Ambient Occlusion with a Neural Network ←

Ambient Occlusion is a computer graphics technique that adds nice, smooth shadows where appropriate, like in the corners of things. The brute-force approach is very expensive and i've trained a small neural network to approximate those shadows.

This is a quick continuation of the "Shiny Tubes" experiment. It uses the same UNet-style, classic CNN model, just the source and target images are different.

The source is, again, just white shapes on black:

source image with randomly placed white letters on black background

From this, i calculate a Signed Distance Field. That's not (but related to) a Signed Distance Function but a pre-calculated 2d-array, where each pixel holds the distance to the closest outline of the white shapes. Below displayed with cyan for positive and red for negative distances:

image of distances to closest outlines of the above shapes

This procedure can be computationally expensive so i'm using an approximation algorithm called Dead Reckoning (paper 10.1.1.102.7988, shadertoy example 4lKGDt). Once the minimum distances are calculated, one can use all the "cheap" ray-marching render techniques as popularized by iQ on shadertoy.com.

I'm a bit out of practice but eventually wrote an okay-ish shader. The distance function in the shader defines a plane and the shapes/letters from the pre-calculated distance field are made solid and placed on the plane to cast shadows and occlusion.

image with white letters on smoothly shadowed brownish background

There's also some simple phong lighting. The full code to render the source and target images is in scripts/ao_dataset/.
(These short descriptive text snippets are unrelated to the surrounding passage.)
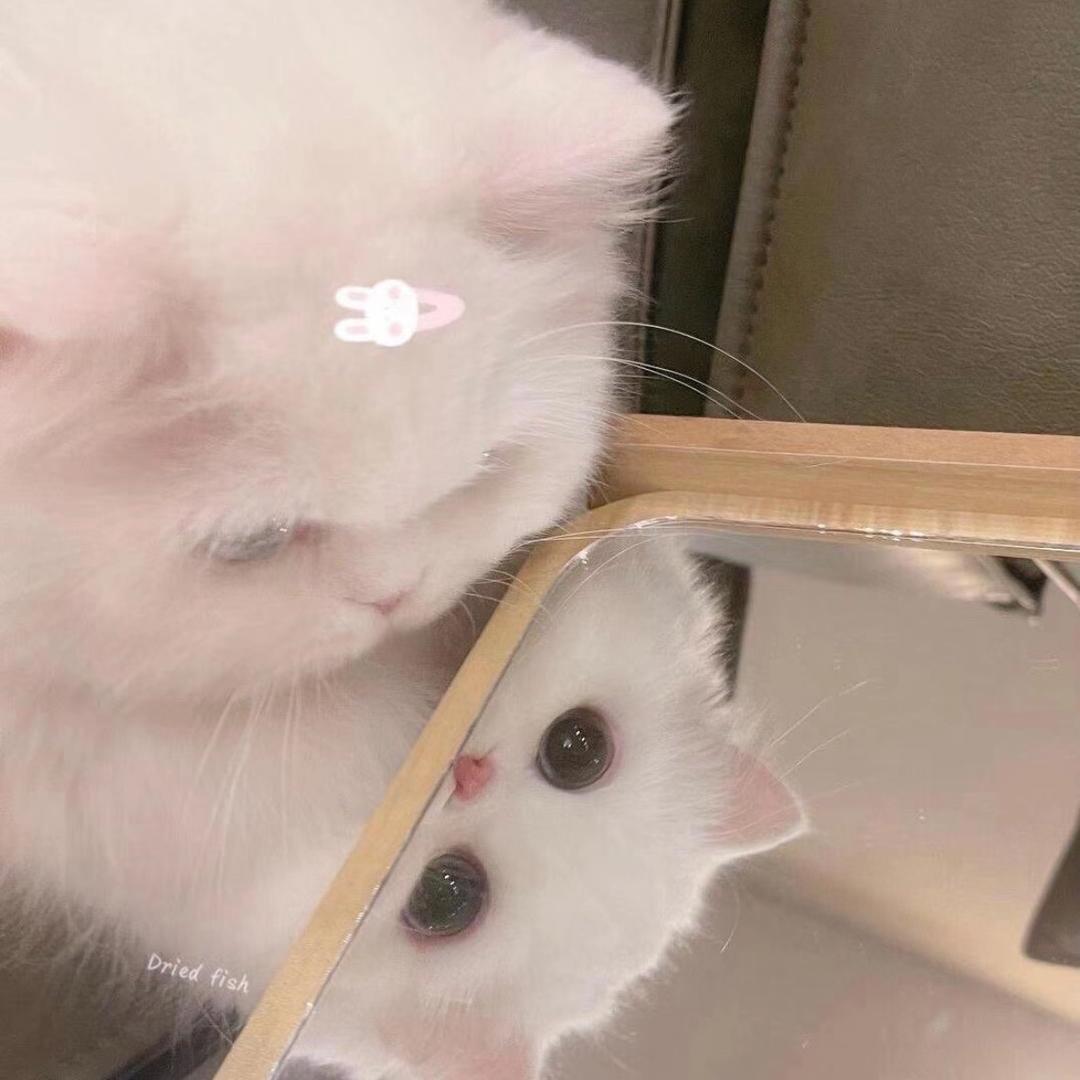 花果山上我最狂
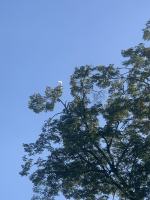 Pelikan uciekł z opolskiego Zoo. Na "giganta" wybrał się na Wyspę Bolko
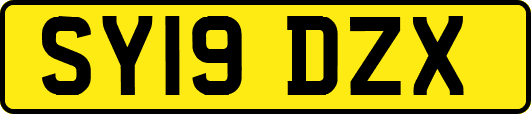 SY19DZX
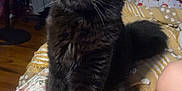 Squeak is registered to the contest to win money with this photo: animal, bed, black_cat, blanket, cat, cozy, curious, cute, domestic_cat, feline, fur, furniture, home, indoor, living_room, pet, sitting, soft_light, television, yellow_eyes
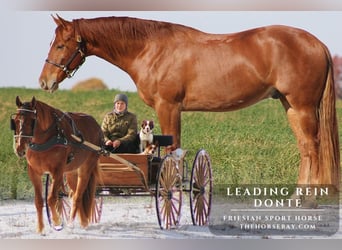 Frisones, Caballo castrado, 4 años, 163 cm, Alazán-tostado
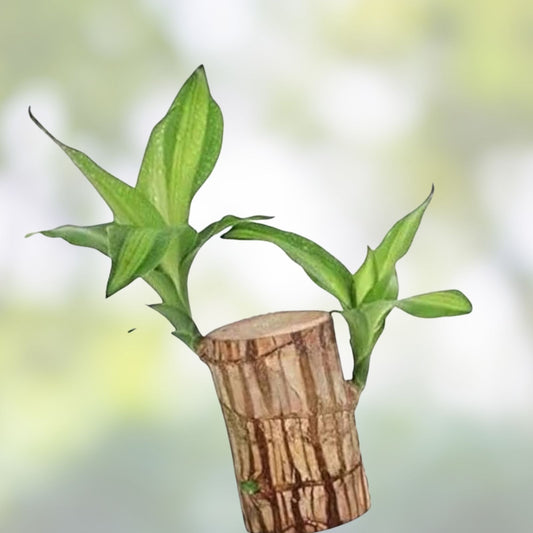 Lucky Bamboo Desk Planter with Panda | Dracaena sanderiana Indoor Plant | Live Bamboo Cutting | Houseplant | Thick Trunk Brazil Willow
To train the network, it gets random 128x128 cuts from the source images as input and the training loss is the mean absolute error of it's output to the target image cuts. I used batch size of 64, AdamW optimizer with learnrate 0.003 and a model that looks like this:

Module(
  (module): ResConv(
    (encoder): ModuleDict(
      (layer_1): ConvLayer(
        (bn): BatchNorm2d(3, eps=1e-05, momentum=0.1, affine=True, track_running_stats=True)
        (conv): Conv2d(3, 32, kernel_size=(7, 7), stride=(1, 1))
        (act): GELU(approximate='none')
      )
      (layer_2): ConvLayer(
        (bn): BatchNorm2d(32, eps=1e-05, momentum=0.1, affine=True, track_running_stats=True)
        (conv): Conv2d(32, 32, kernel_size=(7, 7), stride=(1, 1))
        (act): GELU(approximate='none')
      )
      (layer_3): ConvLayer(
        (bn): BatchNorm2d(32, eps=1e-05, momentum=0.1, affine=True, track_running_stats=True)
        (conv): Conv2d(32, 32, kernel_size=(7, 7), stride=(2, 2))
        (act): GELU(approximate='none')
      )
      (layer_4): ConvLayer(
        (bn): BatchNorm2d(32, eps=1e-05, momentum=0.1, affine=True, track_running_stats=True)
        (conv): Conv2d(32, 32, kernel_size=(7, 7), stride=(1, 1))
        (act): GELU(approximate='none')
      )
      (layer_5): ConvLayer(
        (conv): Conv2d(32, 32, kernel_size=(7, 7), stride=(1, 1))
      )
    )
    (decoder): ModuleDict(
      (layer_1): ConvLayer(
        (bn): BatchNorm2d(32, eps=1e-05, momentum=0.1, affine=True, track_running_stats=True)
        (conv): ConvTranspose2d(32, 32, kernel_size=(7, 7), stride=(1, 1))
        (act): GELU(approximate='none')
      )
      (layer_2): ConvLayer(
        (bn): BatchNorm2d(32, eps=1e-05, momentum=0.1, affine=True, track_running_stats=True)
        (conv): ConvTranspose2d(32, 32, kernel_size=(7, 7), stride=(1, 1))
        (act): GELU(approximate='none')
      )
      (layer_3): ConvLayer(
        (bn): BatchNorm2d(32, eps=1e-05, momentum=0.1, affine=True, track_running_stats=True)
        (conv): ConvTranspose2d(32, 32, kernel_size=(7, 7), stride=(2, 2))
        (act): GELU(approximate='none')
      )
      (layer_4): ConvLayer(
        (bn): BatchNorm2d(32, eps=1e-05, momentum=0.1, affine=True, track_running_stats=True)
        (conv): ConvTranspose2d(32, 32, kernel_size=(7, 7), stride=(1, 1))
        (act): GELU(approximate='none')
      )
      (layer_5): ConvLayer(
        (conv): ConvTranspose2d(32, 3, kernel_size=(7, 7), stride=(1, 1))
      )
    )
  )
)

Encoder and decoder are symmetric and the output of each encoder layer N is added to the input of each decoder layer 6-N, hence it's a UNet. The 3rd layer has a stride of 2, so it halfs the resolution of the input for further processing which gives the network a larger receptive field. With the chosen kernel-size of 7, it means each image pixel can be affected by others that are at most 85 pixels away. The first layer processes the 128x128 input and the 5th layer outputs a 43x43 feature space which is then decoded back to 128x128.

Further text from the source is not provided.